Al via un nuovo ciclo di aggregazioni tra i vari istituti di credito. A tracciare la linea guida è stata Alessandra Perrazzelli, vicedirettrice generale della Banca d’Italia e esperta di temi fintech durante la 51esima giornata del credito. “In passato le fusioni e le acquisizioni hanno rappresentato la modalità più diffusa e rapida con cui sono stati riassorbiti gli eccessi di capacità produttiva nel settore bancario, tramite l’uscita dal mercato degli intermediari meno efficienti. Vi è ora la necessità che si avvii un nuovo ciclo di aggregazioni” afferma Perrazzelli. “Per gran parte delle banche meno significative – continua il vicedirettore- soprattutto quelle situate nel Mezzogiorno, gli indicatori di redditività e di efficienza si collocano su livelli assai inferiori alla media. Per questi intermediari appare assai difficile prefigurare un modello di attività sostenibile senza forme di aggregazione”.

Più aggregazione significa però dare il via ad una stagione di tagli del personale. E questo è inevitabile dato che si verranno a creare sovrapposizioni di figure professionali, dal momento che si parla di aggregazioni tra due o più società. Queste operazioni di M&A sono necessarie per la Perrazzelli dato che “banche più grandi e più efficienti sono verosimilmente in grado di sostenere con minori difficoltà gli ingenti investimenti richiesti per posizionarsi nel nuovo contesto di mercato determinato dalla digitalizzazione dell’offerta dei servizi finanziari”. Nel 2017 – si legge nel testo di un intervento – tra le imprese con un numero di addetti compreso tra 20 e 49 solo un quinto aveva adottato almeno una tecnologia avanzata (come le applicazioni della robotica e dell’intelligenza artificiale). La quota sale a un terzo tra quelle medie e supera la metà per quelle con 250 addetti o più. Perrazzelli aggiunge che in Italia non è limitato (solo) l’impiego di beni e servizi digitali da parte delle imprese, ma è anche bassa la loro produzione.

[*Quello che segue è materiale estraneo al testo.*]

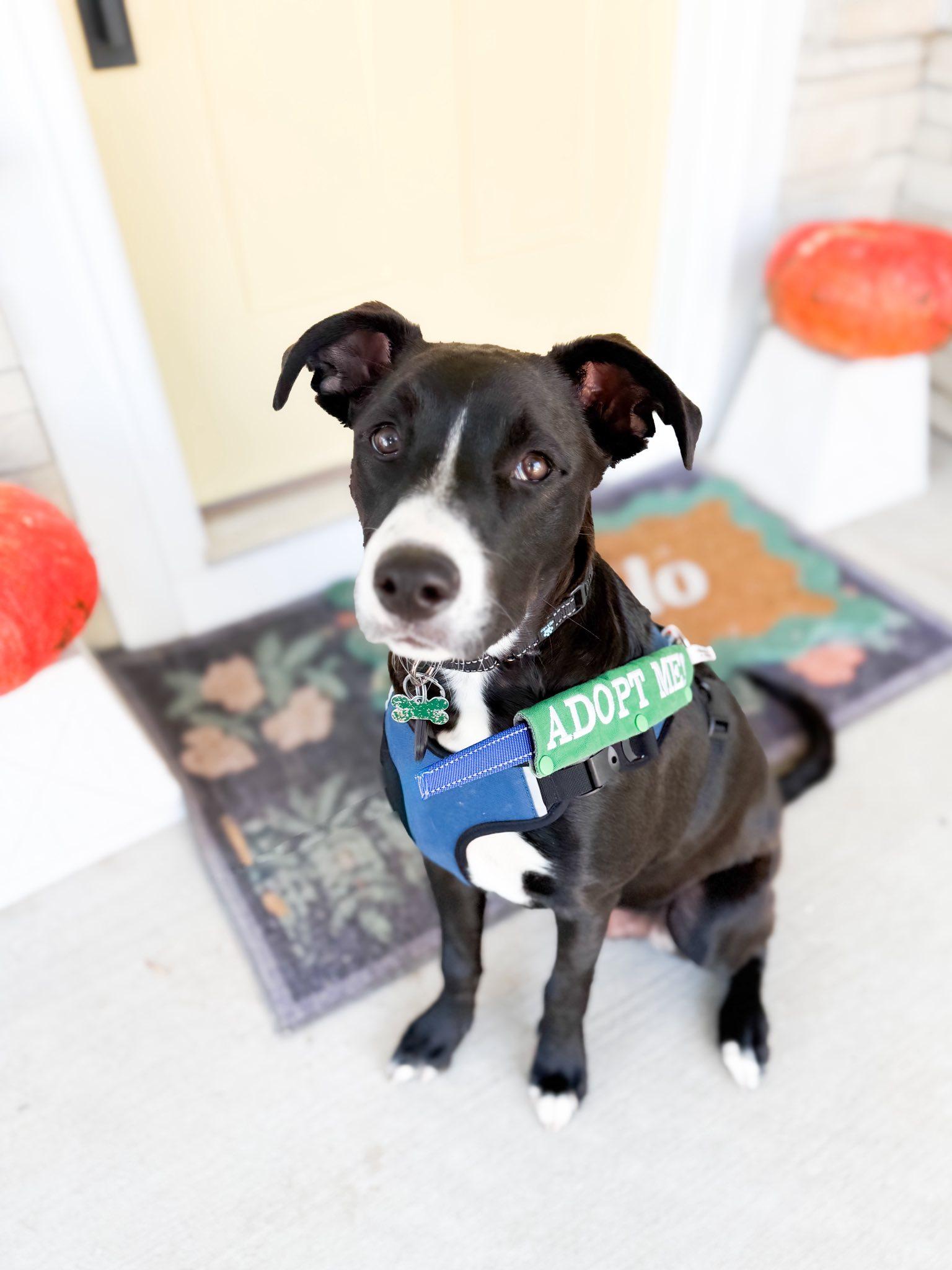 Ghirardelli, a Adoptable Terrier in Greenville, SC image 3/3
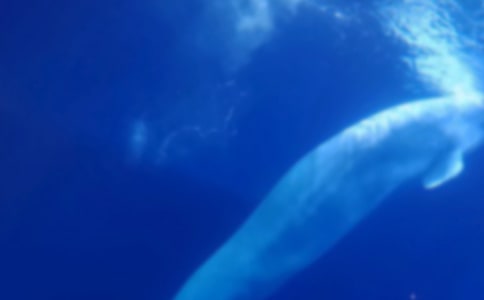 ����;���_550��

“La digitalizzazione del settore bancario è in corso ma è ancora lontano dall’essere completata” afferma Perrazzelli. La digitalizzazione risulta completa solo nel segmento degli strumenti di pagamento: su quasi 300 banche analizzate risulta che tutte consentono pagamenti online. Anche l’offerta di strumenti per la gestione del risparmio attraverso canali digitali è piuttosto diffusa ma “si registra un ritardo più generalizzato nell’offerta di prestiti online, in particolare alle imprese. In quest’ambito la tecnologia è utilizzata per offrire servizi di tipo informativo, quali la richiesta di preventivi, e raramente consente di perfezionare la sottoscrizione del contratto. “I progetti di sfruttamento di Big Data sono stati avviati da tutti gli intermediari più grandi e solo parzialmente dagli altri”. Progetti che hanno ad oggi “finalità prettamente commerciali” ma “risulta ancora molto limitato il loro utilizzo per la valutazione della rischiosità, il pricing e il monitoraggio dei clienti nell’ambito dell’attività di erogazione del credito”.

E dunque al carico della aggregazione si aggiunge anche la digitalizzazione. L’entrata di servizi sempre più digitali può iniziare a minare il personale delle banche. E a confermarlo è la stessa Perrazzelli, che durante l’evento ha aggiunto come la digitalizzazione potrà  comportare ricadute negative sul mercato del lavoro, determinando la scomparsa di alcune mansioni. In prospettiva, tuttavia, se ne creeranno di nuove, che richiederanno abilità e competenze elevati. La rivoluzione digitale è già in corso e rappresenta un cambiamento dal quale non si può prescindere, ma che deve essere guidato e accompagnato con politiche che ne mitighino le ripercussioni negative di breve periodo.